- Theatrical release poster
- Directed by: Kabir Khan
- Written by: Kabir Khan
- Produced by: Aditya Chopra
- Starring: John Abraham; Arshad Warsi; Salman Shahid; Hanif Humgaam; Linda Arsenio;
- Cinematography: Anshuman Mahaley
- Edited by: Amitabh Shukla
- Music by: Songs: Raghav Sachar Score: Julius Packiam
- Production company: Yash Raj Films
- Distributed by: Yash Raj Films
- Release dates: 11 September 2006 (Toronto); 15 December 2006 (India);
- Running time: 106 minutes
- Country: India
- Language: Hindi

= Kabul Express =

2006 Indian film by Kabir Khan

Kabul Express is a 2006 Indian Hindi-language adventure thriller film directed by Kabir Khan and produced by Aditya Chopra under the banner of Yash Raj Films. The film stars John Abraham, Arshad Warsi, Salman Shahid, Hanif Humgaam, and Linda Arsenio. Set in post-Taliban Afghanistan, the narrative follows two Indian journalists who, while reporting from Kabul, are taken hostage by a former Taliban soldier, leading to a perilous journey across the war-torn country.
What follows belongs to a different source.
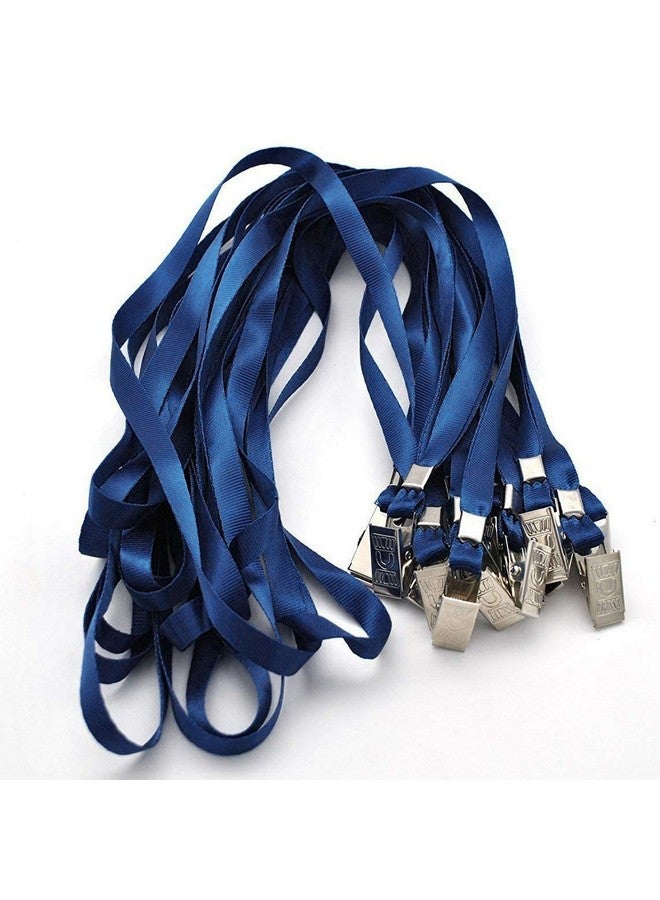 بيبيل حبل شارة مسطح من النايلون مكون من 100 قطعة لبطاقة اسم شارة الهوية (عبوة من 100 قطعة باللون الأزرق الداكن) - Image 3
The film marked Khan's transition from documentary to feature filmmaking and was based in part on his and fellow journalist Rajan Kapoor's real-life experiences in Afghanistan. Kabul Express was shot entirely on location in Afghanistan, making it one of the first Indian films to be filmed there after the fall of the Taliban regime. The cinematography was handled by Anshuman Mahaley, with editing by Amitabh Shukla and music composed by Raghav Sachar.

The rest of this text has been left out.